How will Limerick absorb the losses of Sean Finn and Declan Hannon, in a year where Cian Lynch has been riddled with injuries?

Galway have played and won more games than the Treaty this championship, beaten a Tipp team that Limerick could not, but do they have enough to eclipse their rivals for the first time since 2005?

Clare, once more, have issues at full-back and centre-back which bring Brian Lohan’s selection policy into focus again, with any solution offered this weekend subject to damnation if it goes wrong.

Derek Lyng is the sole manager of the four who has never stood on the sideline in a game of this magnitude, and it is 25 years since anyone other than Brian Cody steered Kilkenny to an All-Ireland final.

Four into two won’t go, and by the end of the weekend two counties will have trudged away from Croke Park bitterly disappointed.

Anything can happen, as we saw with Monaghan’s penalty-shootout win over Armagh, and it would not be beyond the realms of possibility for that to happen on Saturday or Sunday.

Of course, goals win games, and it’s something that Clare have really struggled with against Kilkenny in the past five championship meetings across 21 years.

The Cats are 8-2 ahead in terms of green flags, and it was failing to find the net that contributed to The Banner’s meltdown last year.

David Fitzgerald blitzed through the Cats’ defence in the first half but his handpass didn’t connect directly with Aron Shanagher, so a gilt-edged chance was lost.

Had Lohan’s men converted there, or had they the composure to resist shooting from distance so often with little success, they may have pushed a lot closer.
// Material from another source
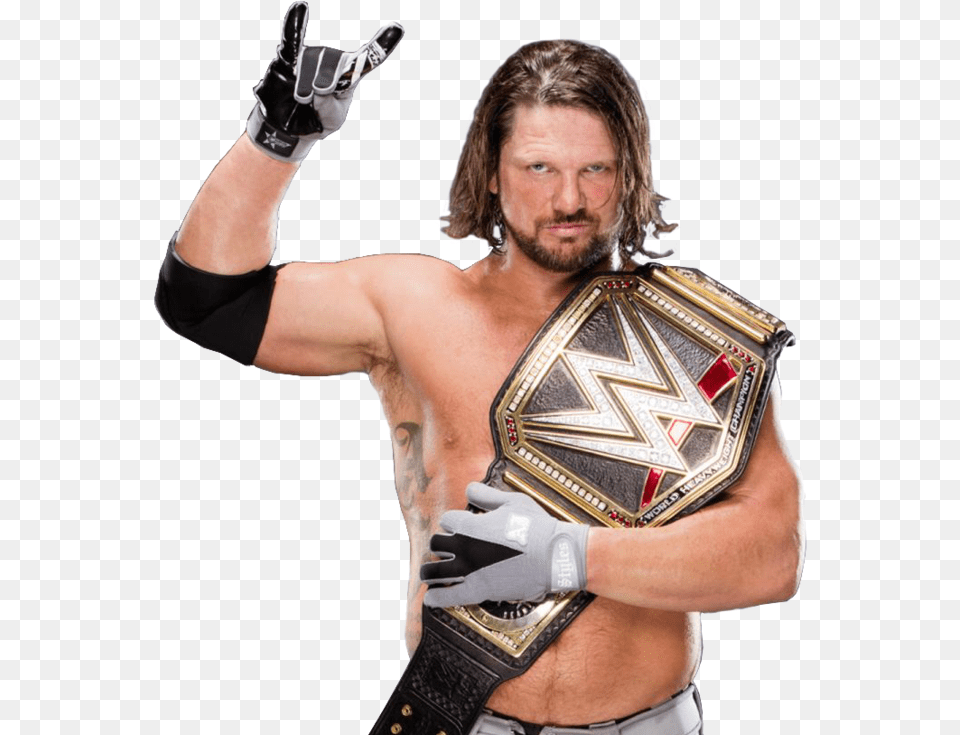 Aj Styles Started And Ended The Calendar Year Of 2017 Aj Styles Ic Champion, Clothing, Glove, Adult, Man Free Transparent Png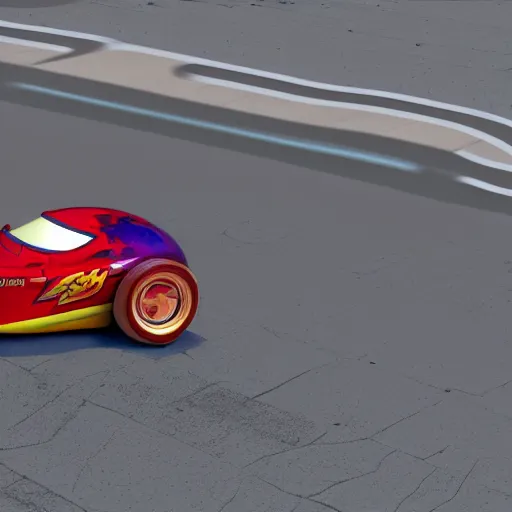 Image similar to lightning mcqueen after a fatal car accidend. rendered in 4 k with presto animation software.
As it was, they lost their heads, hit high ball on top of small men, and left their inside back-line to the wolves.

By that, we are talking about TJ Reid and Eoin Cody, whose ability to pick apples will be exhibited this weekend against a Clare team that has been without hightower Conor Cleary.

Wally Walsh is another fine option inside if aerial bombardment is Lyng’s weapon of choice, and in truth any configuration of Banner defenders will be in survival mode. Even at full strength last year, the high ball upset them.

The Banner hit five goals against Dublin but Kilkenny to find the net first at 19/20 makes more sense given the question marks over their rivals’ defence.

Lohan was a pillar of that zone when last his county beat The Cats in championship hurling in 1997, and their record of winning just two of their last ten All-Ireland semi-finals suggests there are psychological hang-ups when the heat is turned up.

They may have won an All-Ireland final ten years ago — when it turned out that they did not change the game of hurling — but traditionally they come up short on the big occasions. Of the 30 Munster finals the Banner have contested, they have won just six, and their last six since 1998 have all ended in misery.

Getting comfortable with discomfort is their challenge, and showing emotional composure against the four-in-a-row Leinster champions is challenge number one. To get a foothold against a county that has lost just two of their last ten final-four bouts.

Kilkenny to win by 1-3 points is 4/1 and feels like the smart bet here, but Tony Kelly will be desperate for revenge against man-marker Mikey Butler and The Cats for how last season’s clash went.

Ten years on from winning Hurler of the Year, the Ballyea man is in hot form after a hat-trick against Dublin, and this is a stage befitting of his talents. He must produce.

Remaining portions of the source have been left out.